Mais je me sens mal, je règle promptement l'addition et je m'en vais.
Les titres de ses oeuvres sont déjà de riches promesses : Qui je fus - L'espace du dedans- La vie dans les plis -Chemins cherchés, chemins perdus, transgressions. Autant de titres qui nous invitent à parcourir, d'ores et déjà, les soubresauts de nos vies, à les hanter au péril de grandes épreuves " Les grandes épreuves de l'esprit et les innombrables petites."
Michaux n'est pas accessible aux esprits paresseux, qui se meuvent, inexorables, dans les longs cours tranquilles de phrases conformes.

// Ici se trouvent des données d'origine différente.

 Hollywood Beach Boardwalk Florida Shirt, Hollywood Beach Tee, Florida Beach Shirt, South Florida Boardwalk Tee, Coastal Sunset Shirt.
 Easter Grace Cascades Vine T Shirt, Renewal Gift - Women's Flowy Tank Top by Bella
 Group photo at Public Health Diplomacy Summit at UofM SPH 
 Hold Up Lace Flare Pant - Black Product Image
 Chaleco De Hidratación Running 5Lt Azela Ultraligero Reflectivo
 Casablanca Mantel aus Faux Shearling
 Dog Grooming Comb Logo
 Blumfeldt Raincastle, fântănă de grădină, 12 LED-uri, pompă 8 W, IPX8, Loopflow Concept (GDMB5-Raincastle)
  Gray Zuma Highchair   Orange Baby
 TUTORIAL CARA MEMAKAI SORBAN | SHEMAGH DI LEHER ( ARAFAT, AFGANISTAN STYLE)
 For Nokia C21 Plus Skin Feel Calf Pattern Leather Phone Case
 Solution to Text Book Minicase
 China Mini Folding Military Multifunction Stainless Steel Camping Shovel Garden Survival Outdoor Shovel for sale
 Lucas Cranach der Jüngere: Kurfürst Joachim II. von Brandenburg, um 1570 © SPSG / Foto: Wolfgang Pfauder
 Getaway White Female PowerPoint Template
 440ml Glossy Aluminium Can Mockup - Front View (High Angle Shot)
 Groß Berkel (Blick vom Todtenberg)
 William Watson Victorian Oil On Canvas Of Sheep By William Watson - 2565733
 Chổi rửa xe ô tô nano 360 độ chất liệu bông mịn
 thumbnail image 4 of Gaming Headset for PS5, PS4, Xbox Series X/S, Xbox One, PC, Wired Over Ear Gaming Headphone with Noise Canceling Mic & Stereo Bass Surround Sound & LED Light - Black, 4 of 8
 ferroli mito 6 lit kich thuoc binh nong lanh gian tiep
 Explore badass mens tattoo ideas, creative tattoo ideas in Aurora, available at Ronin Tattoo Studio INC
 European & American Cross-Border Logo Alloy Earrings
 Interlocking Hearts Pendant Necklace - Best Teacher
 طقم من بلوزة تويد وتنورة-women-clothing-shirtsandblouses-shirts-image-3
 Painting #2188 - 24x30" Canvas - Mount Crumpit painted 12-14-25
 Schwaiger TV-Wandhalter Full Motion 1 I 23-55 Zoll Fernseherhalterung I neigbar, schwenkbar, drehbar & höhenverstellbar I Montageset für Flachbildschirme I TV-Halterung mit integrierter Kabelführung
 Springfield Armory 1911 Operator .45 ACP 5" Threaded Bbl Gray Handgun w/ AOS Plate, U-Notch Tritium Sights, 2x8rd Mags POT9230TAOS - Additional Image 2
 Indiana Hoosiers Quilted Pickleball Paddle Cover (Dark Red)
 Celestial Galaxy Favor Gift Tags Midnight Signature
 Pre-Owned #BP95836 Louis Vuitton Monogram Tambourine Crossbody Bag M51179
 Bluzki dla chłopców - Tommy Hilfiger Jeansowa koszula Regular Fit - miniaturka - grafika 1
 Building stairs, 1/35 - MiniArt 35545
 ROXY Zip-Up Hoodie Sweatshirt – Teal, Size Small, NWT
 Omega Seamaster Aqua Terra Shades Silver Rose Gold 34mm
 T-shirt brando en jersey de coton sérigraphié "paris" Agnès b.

Michaux joue avec les mots, il les expérimente pour offrir de nouveaux paysages, il ouvre des portes sur ses terres, sur ses paysages du dedans, il ne craint pas de nous inviter à nous fracasser, à nous déchirer, à nous arracher à la morne monotonie de ces mots que l'on véhicule cahin-caha privés de leur sens, ces porteurs d'espérance dépouillés de tout horizon :
"Un jour.
Un jour, bientôt peut-être.
Un jour j'arracherai l'ancre qui tient mon navire loin des mers.
Avec la sorte de courage qu'il faut pour être rien et rien que rien, je lâcherai ce qui paraissait m'être indissolublement proche.
Je le trancherai, je le renverserai, je le romprai, je le ferai dégringoler."
in l'Espace du dedans - Le Clown
Merci, homme libre, de ressusciter ce grand poète grinçant. Mais le lien vers "extraits" alerte mon anti-virus car infecté. Michaux aurait aimé!
Merci pour ces apports. J'ai mis des textes sans commentaires pour laisser intacte l'écriture très forte de Michaux. Vos interventions complètent et confirment.
Pierre Jean, je vais essayer de trouver un autre lien tout-à-l'heure, hier soir c'est le seul qui menait vers Les Enragés.
HL - Les Enragés ? Non les Ravagés .....doux lapsus que je déguste avec mon café ....
Djemâa... Joli lapsus en effet... (-_o)
Pierre-Jean, je n'ai pas trouvé de meilleur lien vers le texte.